Second, Saddam and Mubarek. I wouldn’t characterize site protection under Mubarek as a success, I would call it a failure. What protection is it offering to archaeological sites in Egypt now? None. Mubarek’s policy did nothing to protect sites in the next country along, nor did it do anything to protect sites in the next regime along. A demand-focused strategy might have achieved a more sustainable solution.

Third, I agree that the localized integration of sites into cultural and economic practices is something to be supported. No argument there.

Fourth, I agree that we need “linkage”, though to me it implies forefronting the trade, not the actual looting. It also highlights the need for more good quality research, a point on which I am pleased to see we both agree.

I believe the problems of looting caused by the antiquities trade are ultimately caused by those who do the buying in the so-called demand or destination countries, and it is there that the solution lies. Calls for site protection sound to me very much like the trade and its beneficiaries trying to shirk responsibility for the damage caused while at the same time relocating guilt and inhibiting the development of more effective demand-focused policies. They add insult to injury.

Wayne G. Sayles said...

Thank you for another interesting point of view, and one that I personally can find some agreement with. The "Demand side" prohibitionists will never eliminate looting. Their misguided zealotry would merely turn productive, law abiding citizens into criminals. The private collecting of antiquities does not have a 600+ year-long history because people find it amusing or fashionable. Many people outside of the academic world seriously study the past and have every bit as much concern about the preservation of objects and information as any so-called "professional" does. To ridcule or deny the legitimacy of independent scholarship, because it is not institutionalized, is Anti-American and from a practical point of view not very smart. The Demand Side ideologists will never understand that fact because it is not in the textbooks that every waking moment of their lives is governed by.

Personally, I have publicly advocated strong site protection for many years and contrary to some thinking I have NEVER opposed import restrictions.

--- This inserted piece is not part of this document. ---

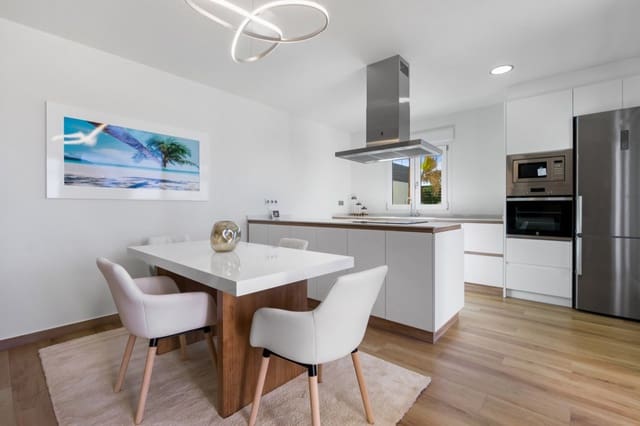 3 bedroom Villa for sale in Benijófar with pool - € 526,900 (Ref: 9409637)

I have only opposed the extension of import restrictions to objects that do not meet the criteria of CPIA. What I have always said in private and in public is that we ALL need to follow the law. We all know that the administrators of CPIA are not doing that, but how much criticism does that generate in academia? Is academic silence against government overreach ethically any better than looting? Aside from Urice and Adler, the academic world is embarrassingly silent and in fact sometimes aids, abets and endorses the crime.

The incessant slurs of Demand Side idealists, and bureaucratic targeting of collectors, do not encourage mutual efforts toward preservation of important objects and sites. They merely polarize the dialogue and accomplish nothing. One might add that they also speak poorly for the character of those who find this approach necessary, and of the institutions that they represent.